Ben Seager Scott, Head of Multi Asset Funds, Tilney Group

Generally speaking, I am confident that the demand for ETFs will remain high and is continuing to rise. Since ETFs are an efficient and cost-effective way of investing money, the current trend represents a logical evolution of financial investments into a simpler and more transparent structure. At the same time not only retail investments, also institutional flows are moving towards ETFs across different asset classes. However, it should also be noted that retail investors’ flows, in particular, partially depend on the current market sentiment.

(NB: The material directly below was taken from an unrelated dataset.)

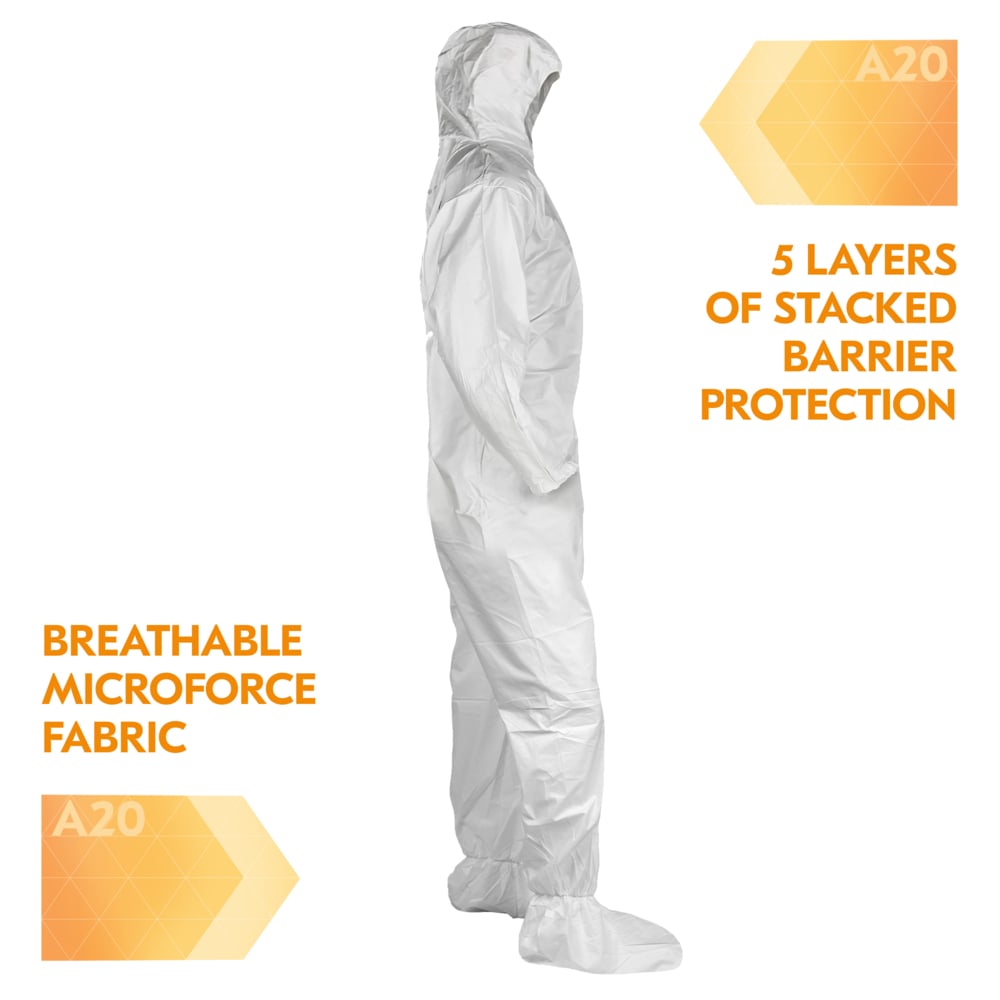 KleenGuard™ A20 Breathable Particle Protection Coveralls (49123), Zipper Front, Elastic Back, Wrists, Ankles, Hood & Boots, White, Reflex Design, Large (Qty 24) - 49123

Therefore, it is possible that ETF demand could decline when the generally positive trend in the stock markets turns the other way. 
Nevertheless, our customers make active use of ETF savings plans to invest regularly on a monthly basis. This is one of the best ways for successful long-term investing, regardless of the current market situation.
Jacob Hetzel, Head of Distribution, Scalable Capital

ETF growth was indeed amazing in 2021. Growth will continue in 2022, both in terms of net new dollars and increased fund market share, but it seems to be a smarter bet that growth will slow compared to the torrid pace of 2020/2021. This would simply be due to slowing investor demand for investments of any sort. 
Rusty Vanneman, Chief Investment Strategist, Orion Advisor Solutions

Yes, what a great success story ETFs have been. In terms of growth, they are still a small proportion as a percentage of the overall market size. So, I can’t see its growth stopping any time soon. The ease of use – and tax advantages in the US – make it the ideal product for many investment choices.
Irene Bauer, Co-Founder, Algo-Chain

Global ETF assets crossed USD1 trillion in growth this year, and I anticipate at least another USD1 trillion in 2022. 
Henry Timmons, Director of ETFs, Richard Bernstein Advisors

ETFs are on a rising trajectory that will continue. There are reasons for this including the do-it-yourself investing and the growing conversion of mutual funds into ETFs as discussed below.
Mary Hagerman, Portfolio Manager & Investment Adviser, Raymond James, Canada

These factors have contributed to extraordinary growth for the ETF industry in 2021:
•    Client demand for ESG investing; 
•    Low interest rate environment and growing concerns about inflation;
•    Interest in dividend and income-oriented investing; 
•    Availability of blockchain, bitcoin and cryptocurrency ETFs.
Marguerita Cheng, CEO, Blue Ocean Global Wealth

The ETF wrapper is the dominant vehicle for new indexed products. In addition, we are seeing a number of other strategies such as thematic and active using the ETF wrapper. Although the growth rate is likely to temper for pure ‘passive’ strategies, there is still room for significant growth of the wrapper overall.
Matt Brennan, Head of Investment Management, AJ Bell

CHAPTER 2: GEOGRAPHICAL SPLIT

Which geographical areas will do the best in terms of asset raising over 2022: UK, Europe, Canada, US or Asia?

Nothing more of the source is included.